# Licking and Biting ?!?



## TaylorxMatrix (Dec 27, 2015)

My 2 and a half month old bunny likes to hop to me a lot and go towards my hands and then he sniffs them starts licking them and then biting them!!! what is going on!!! he sniffs me and hops to me nonstop iam so confused!!


----------



## Azerane (Dec 27, 2015)

Licking hands is a good thing for a rabbit to do, it shows that they like you. However the biting is obviously not a favourable behaviour. When he bites, you can let out a high pitched squeal or squeek and follow it up by pressing your bunny's head down. Mother rabbits discipline their kits by pressing their heads down for a moment, so you can do the same.
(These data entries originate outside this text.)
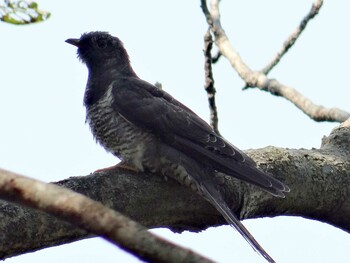 2014年9月23日(火) 祖父江ワイルドネイチャー緑地の野鳥観察記録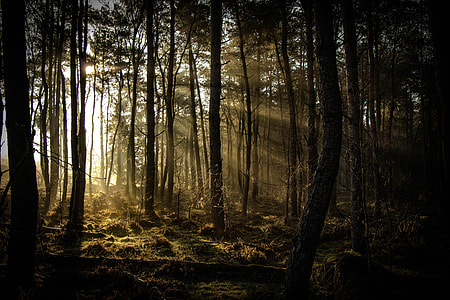 silhouette of trees during daytime thumbnail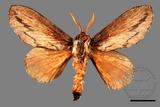 ǦW:Pachypasoides albisparsus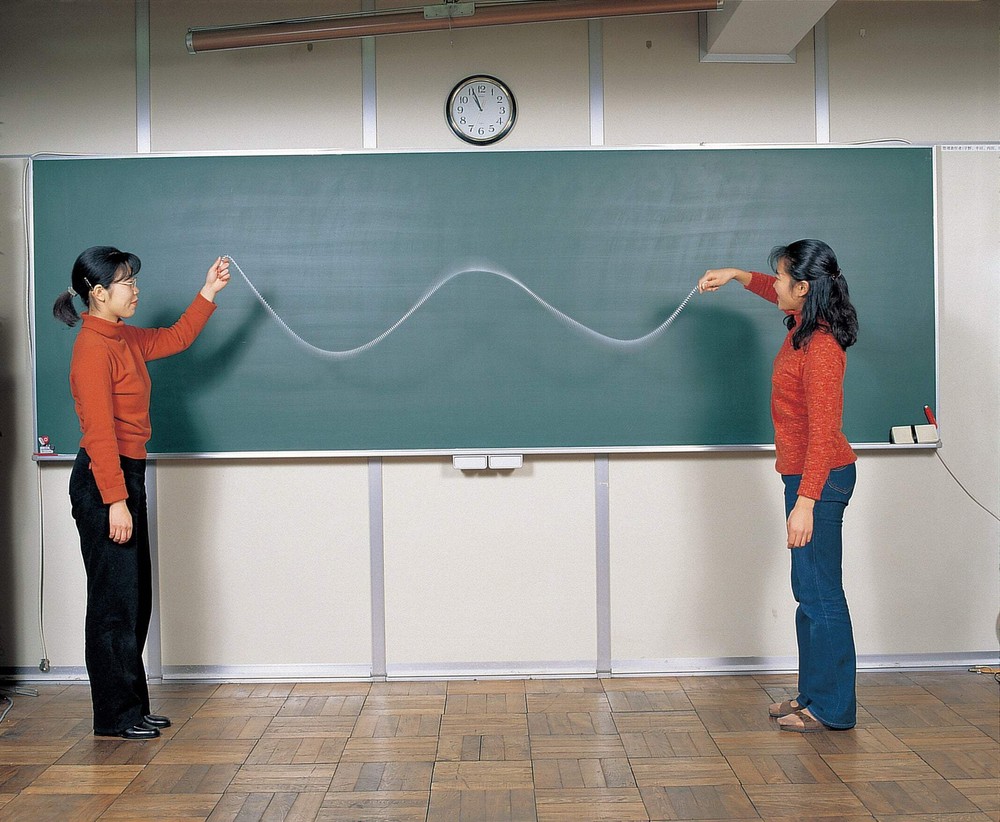 Wave Demonstration, Spring, Pack of 10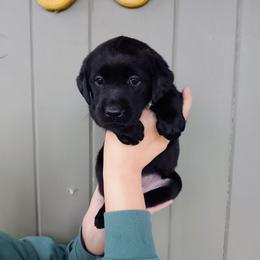 Labrador Retriever Puppies from Western Valley Retrievers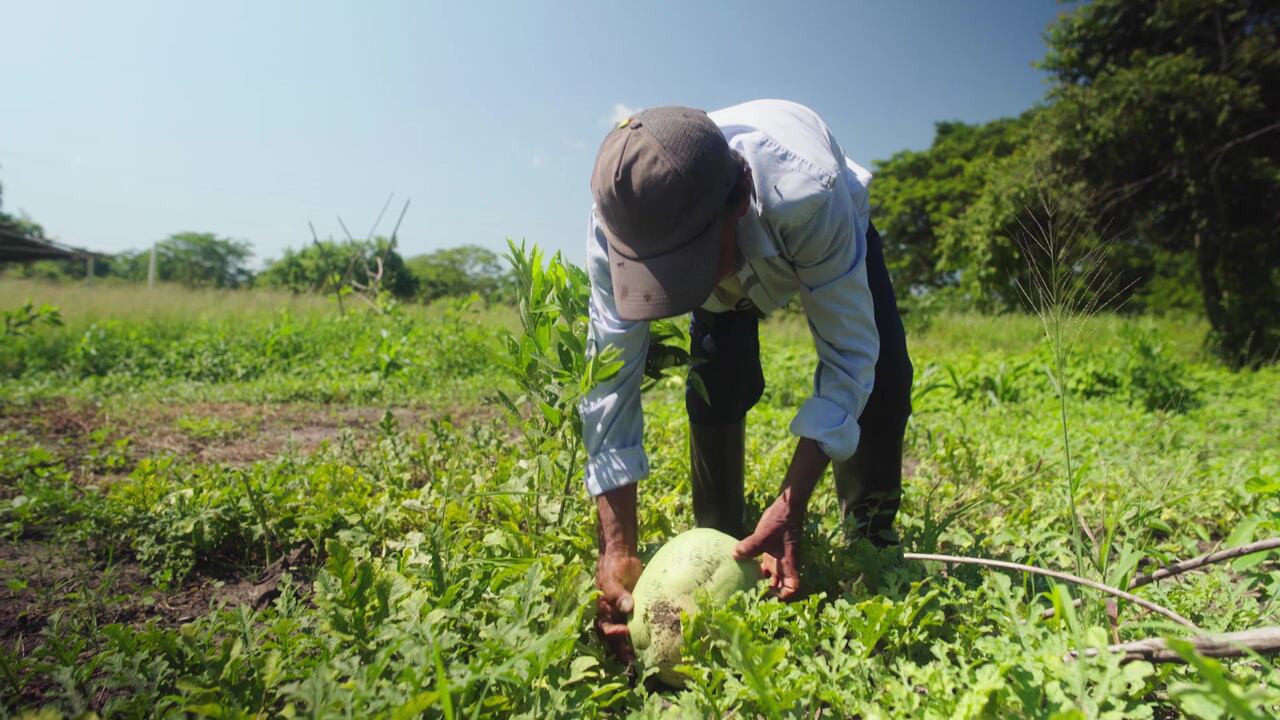 Desde hace 15 años trabajan en unos predios de extinción de dominio en los que durante la pandemia sembraron maíz híbrido que les entregó la Gobernación del departamento, gracias al cual pudieron subsistir.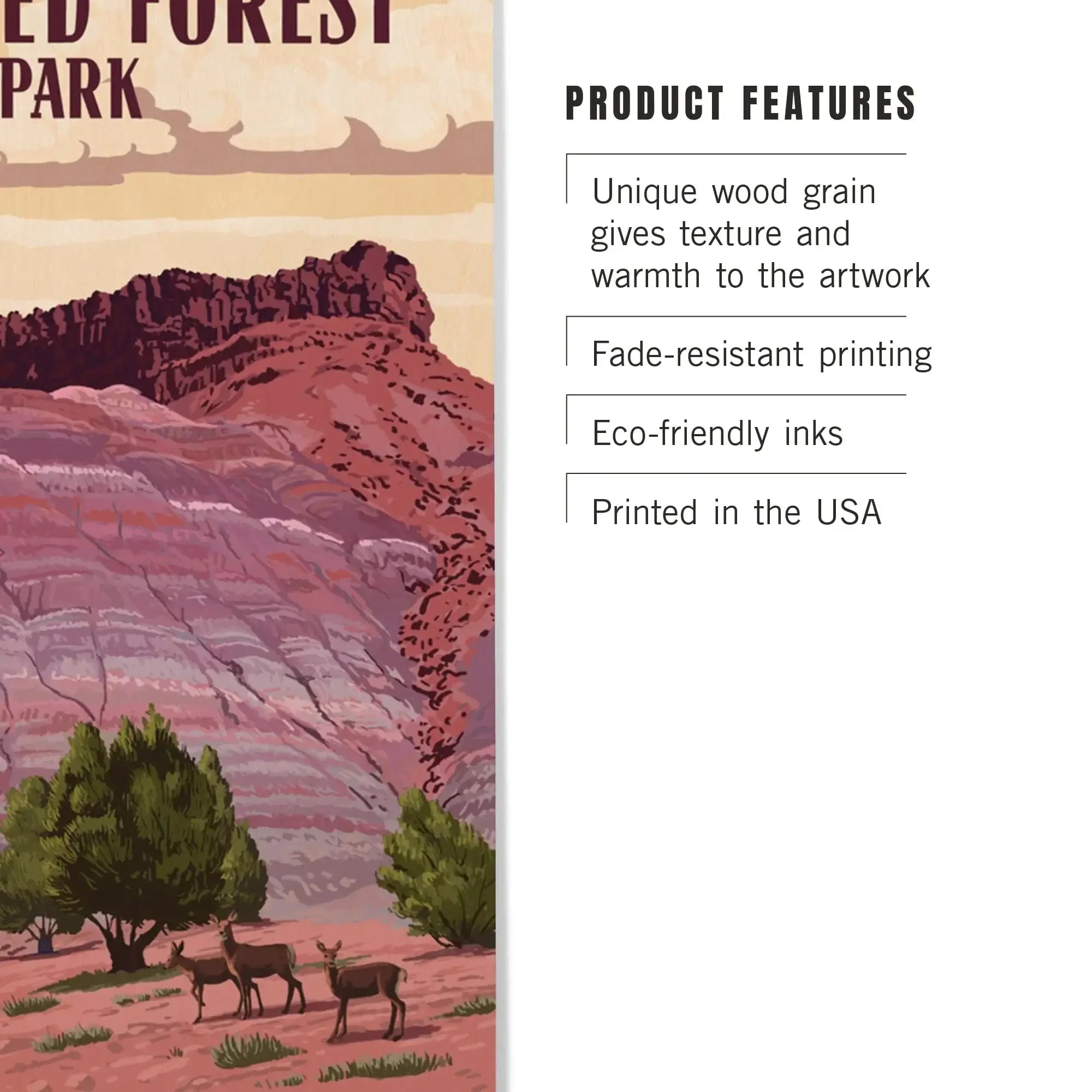 Petrified Forest National Park, Arizona, Painted Desert, Lantern Press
Your rabbit will soon get the idea and will stop biting with a bit of training  You can encourage the licking by petting your bunny on the head when he licks you.


----------



## TaylorxMatrix (Dec 27, 2015)

aww omg thats so sweet!! thank you!


----------



## ladysown (Dec 27, 2015)

you may also want to check the salt content of your bunnies diet.


----------



## TaylorxMatrix (Dec 27, 2015)

are you suggesting it might be too salty??


----------



## ArvadaLaner (Dec 27, 2015)

Some people say that bunnies need/like salt, and they will lick your skin because it tastes salty, like from sweat. Others claim rabbits lick more for affection and grooming. I am new to owning a rabbit, so I am no expert, but I can tell you my experience so far. I bought my rabbit, Happy, a salt lick thing, and she licked it a few times, then ignored it. She does, however, lick me all the time. She started also biting, and nipping me, and also digging at me with her front claws. It turned out that she was trying to hump me! She isn't fixed, and rabbits also hump to show dominance, so I found out this was totally normal. Does your bunny run in circles around you before he does the licking/biting? If so, he might be giving you a little too much bunny love, and wanting to hump you. Bunnies like to circle and sometimes even grunt a little at you, when they do their bunnie "mating dance." Also, bunnies bite and nip when they groom other bunnies when they are just trying to help keep each other clean, so your bunny might just be trying to clean you, and doesn't know how to clean your skin. When Happy started nipping me, I began to make a high pitched sound, saying, "Eeeep, Eeeep, Eeep!" This let her know it was hurting, and she will either go back to just licking, or at least nip me very gently. Also, when she gets really over excited, and I can tell she's about to do it, sometimes I gently cover her face with my hand and talk to her softly to calm her, and let her know that I don't want her to try to be dominant. Now she doesn't hump me at all, because she understands that I don't like it. 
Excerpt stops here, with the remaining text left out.